She didn’t say anything back, but he could hear her making mouth noises against the phone. He was curious by the puzzling voice in his ear but also hardly listening–it was too hot and early to be answering her questions. It reminded him of a time when he also wanted to taste everything in sight. Her untamed voice brought him back to the call.

“Hey old man, where do the stars sleep?”

“Under the sky’s blanket,” he firmly replied.

“Then… where does the sky sleep?” she pressed.

“In the clouds,” he riposted, with a big yawn coming over his face.

“Well then, what does my arm taste like?”

Before he could answer, her voice faded into a murmur and wandered out the room. Frank’s eyes started drooping, and his head crumbled into the desk. Sweat from his right arm clung to his skin and drizzled down to his wrist, where it finally hit his mouth. The salt hit him like a slap in the face.

He ended the call shortly after, left in a confused state. But at least he knew what an arm tasted like.

O.D.
272 words.

Filling the Bedroom Morning Void

Oscar Depp

A Short Story

Beep Beep. Fifty-Five Tickity-Tock. Beep Beep. Fifty-Six Tickity Tock.

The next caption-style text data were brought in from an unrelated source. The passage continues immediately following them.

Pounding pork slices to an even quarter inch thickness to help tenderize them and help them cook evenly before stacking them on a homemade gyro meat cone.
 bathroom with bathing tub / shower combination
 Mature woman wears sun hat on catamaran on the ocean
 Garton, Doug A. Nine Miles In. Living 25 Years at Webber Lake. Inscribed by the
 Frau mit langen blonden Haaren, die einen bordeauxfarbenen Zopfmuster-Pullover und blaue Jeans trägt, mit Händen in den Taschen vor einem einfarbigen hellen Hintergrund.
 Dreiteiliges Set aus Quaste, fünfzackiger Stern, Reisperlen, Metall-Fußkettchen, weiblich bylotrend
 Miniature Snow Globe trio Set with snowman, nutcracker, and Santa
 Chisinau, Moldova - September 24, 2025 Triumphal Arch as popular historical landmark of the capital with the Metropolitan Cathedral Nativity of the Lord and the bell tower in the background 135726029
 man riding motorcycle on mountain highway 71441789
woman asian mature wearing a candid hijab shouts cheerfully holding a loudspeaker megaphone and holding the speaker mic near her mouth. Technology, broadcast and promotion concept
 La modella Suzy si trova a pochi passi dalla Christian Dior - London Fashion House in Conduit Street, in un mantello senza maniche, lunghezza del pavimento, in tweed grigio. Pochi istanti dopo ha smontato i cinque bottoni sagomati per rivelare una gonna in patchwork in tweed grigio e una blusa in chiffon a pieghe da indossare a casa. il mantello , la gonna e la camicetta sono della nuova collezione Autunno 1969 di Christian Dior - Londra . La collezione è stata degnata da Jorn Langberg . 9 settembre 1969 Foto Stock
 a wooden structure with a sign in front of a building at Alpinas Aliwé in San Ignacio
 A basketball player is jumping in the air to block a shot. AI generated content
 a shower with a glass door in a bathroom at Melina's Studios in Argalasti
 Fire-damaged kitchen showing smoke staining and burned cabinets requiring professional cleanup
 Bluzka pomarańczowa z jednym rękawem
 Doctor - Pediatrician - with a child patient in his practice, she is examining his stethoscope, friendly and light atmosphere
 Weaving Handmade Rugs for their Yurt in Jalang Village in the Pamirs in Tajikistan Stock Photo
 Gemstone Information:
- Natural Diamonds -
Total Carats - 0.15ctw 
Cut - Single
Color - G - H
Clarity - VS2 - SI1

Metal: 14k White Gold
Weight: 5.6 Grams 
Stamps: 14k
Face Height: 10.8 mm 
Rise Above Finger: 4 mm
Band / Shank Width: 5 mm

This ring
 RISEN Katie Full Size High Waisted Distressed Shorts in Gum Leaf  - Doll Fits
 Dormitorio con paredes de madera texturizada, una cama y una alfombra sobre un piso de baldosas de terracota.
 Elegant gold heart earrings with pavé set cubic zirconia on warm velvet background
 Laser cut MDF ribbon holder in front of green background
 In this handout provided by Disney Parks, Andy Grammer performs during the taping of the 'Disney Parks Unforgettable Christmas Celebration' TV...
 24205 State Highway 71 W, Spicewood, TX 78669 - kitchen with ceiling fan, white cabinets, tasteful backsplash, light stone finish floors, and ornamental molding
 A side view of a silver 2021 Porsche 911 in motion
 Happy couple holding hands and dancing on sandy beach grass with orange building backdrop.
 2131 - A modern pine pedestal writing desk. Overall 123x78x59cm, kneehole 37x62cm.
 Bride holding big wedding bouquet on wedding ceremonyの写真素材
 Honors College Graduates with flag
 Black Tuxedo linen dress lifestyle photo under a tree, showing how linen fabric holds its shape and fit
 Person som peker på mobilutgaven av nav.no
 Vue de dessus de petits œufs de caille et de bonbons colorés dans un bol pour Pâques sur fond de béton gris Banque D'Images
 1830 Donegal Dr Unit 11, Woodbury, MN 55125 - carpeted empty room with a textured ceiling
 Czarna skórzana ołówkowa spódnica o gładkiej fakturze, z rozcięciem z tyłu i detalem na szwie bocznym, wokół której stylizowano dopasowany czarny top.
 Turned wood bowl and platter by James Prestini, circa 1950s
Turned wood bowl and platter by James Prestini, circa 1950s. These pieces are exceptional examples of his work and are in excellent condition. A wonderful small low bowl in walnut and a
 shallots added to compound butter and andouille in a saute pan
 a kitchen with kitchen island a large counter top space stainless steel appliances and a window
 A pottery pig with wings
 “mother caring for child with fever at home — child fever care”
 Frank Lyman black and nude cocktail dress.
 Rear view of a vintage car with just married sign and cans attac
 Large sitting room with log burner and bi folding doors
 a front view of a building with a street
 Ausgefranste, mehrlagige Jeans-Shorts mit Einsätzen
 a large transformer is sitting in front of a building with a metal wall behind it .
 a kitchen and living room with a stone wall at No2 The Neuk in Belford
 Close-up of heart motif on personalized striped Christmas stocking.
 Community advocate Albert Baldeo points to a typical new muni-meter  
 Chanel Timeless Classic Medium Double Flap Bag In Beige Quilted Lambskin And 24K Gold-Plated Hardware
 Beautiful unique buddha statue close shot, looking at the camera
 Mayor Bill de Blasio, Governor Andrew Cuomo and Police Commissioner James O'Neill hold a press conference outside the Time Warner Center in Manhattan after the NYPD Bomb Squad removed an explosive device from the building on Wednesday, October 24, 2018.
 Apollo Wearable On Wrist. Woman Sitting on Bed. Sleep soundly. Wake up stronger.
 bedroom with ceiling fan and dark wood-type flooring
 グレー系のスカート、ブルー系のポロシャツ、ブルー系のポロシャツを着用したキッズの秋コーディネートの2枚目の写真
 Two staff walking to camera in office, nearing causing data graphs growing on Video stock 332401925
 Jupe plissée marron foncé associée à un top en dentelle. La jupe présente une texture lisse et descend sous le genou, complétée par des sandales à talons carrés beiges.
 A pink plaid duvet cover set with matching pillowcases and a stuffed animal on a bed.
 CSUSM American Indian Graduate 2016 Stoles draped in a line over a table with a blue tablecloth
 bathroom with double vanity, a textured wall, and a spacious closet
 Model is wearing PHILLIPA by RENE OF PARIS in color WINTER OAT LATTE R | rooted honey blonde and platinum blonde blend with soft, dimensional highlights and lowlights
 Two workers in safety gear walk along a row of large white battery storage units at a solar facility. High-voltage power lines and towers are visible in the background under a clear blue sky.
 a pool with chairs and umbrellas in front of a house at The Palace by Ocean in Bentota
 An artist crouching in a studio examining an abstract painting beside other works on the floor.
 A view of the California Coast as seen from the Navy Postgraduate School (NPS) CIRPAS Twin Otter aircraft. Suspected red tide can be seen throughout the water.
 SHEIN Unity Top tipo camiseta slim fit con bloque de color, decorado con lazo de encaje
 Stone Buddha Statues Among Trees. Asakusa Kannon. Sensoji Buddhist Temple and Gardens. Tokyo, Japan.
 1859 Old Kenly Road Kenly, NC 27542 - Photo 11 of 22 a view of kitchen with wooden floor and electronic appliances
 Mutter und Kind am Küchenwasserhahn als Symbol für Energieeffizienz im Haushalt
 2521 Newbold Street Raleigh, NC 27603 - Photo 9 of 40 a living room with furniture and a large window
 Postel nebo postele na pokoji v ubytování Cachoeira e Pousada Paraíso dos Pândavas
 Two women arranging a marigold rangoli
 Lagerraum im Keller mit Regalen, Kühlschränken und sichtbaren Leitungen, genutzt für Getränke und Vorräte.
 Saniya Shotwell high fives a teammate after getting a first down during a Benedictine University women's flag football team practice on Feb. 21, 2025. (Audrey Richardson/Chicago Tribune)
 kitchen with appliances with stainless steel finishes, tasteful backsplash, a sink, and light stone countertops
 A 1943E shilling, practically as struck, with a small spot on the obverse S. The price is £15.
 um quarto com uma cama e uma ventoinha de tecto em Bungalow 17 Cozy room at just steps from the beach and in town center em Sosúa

The door clicks its tongue and out its mouth comes the old lady next door with her broom. The sunlight encroaches the window, opening my room light. Construction workers line up in a haphazard line to buy breakfast at the local deli, yelling their orders at the chef. One egg, a sausage patty, and some red onions, all sandwiched in an oversized focaccia. The smell and noise start to consume my bedroom. A wave of children chase only after the sound of the hollow air of a basketball compressing into the ground. The morning starts to get a character of its own, and I know it’s time to get breakfast and hop on the train.

O.D.
131 words.

A Country's Changing Diet

Oscar Depp

A Short Story

“What’s that?” Eva asked, pointing to the dining table, as she saw a lady juggling plates seeming to contain chocolate cake. Some of Eva’s school friends dropped their train tracks and looked at the mother walking back & forth from the kitchen.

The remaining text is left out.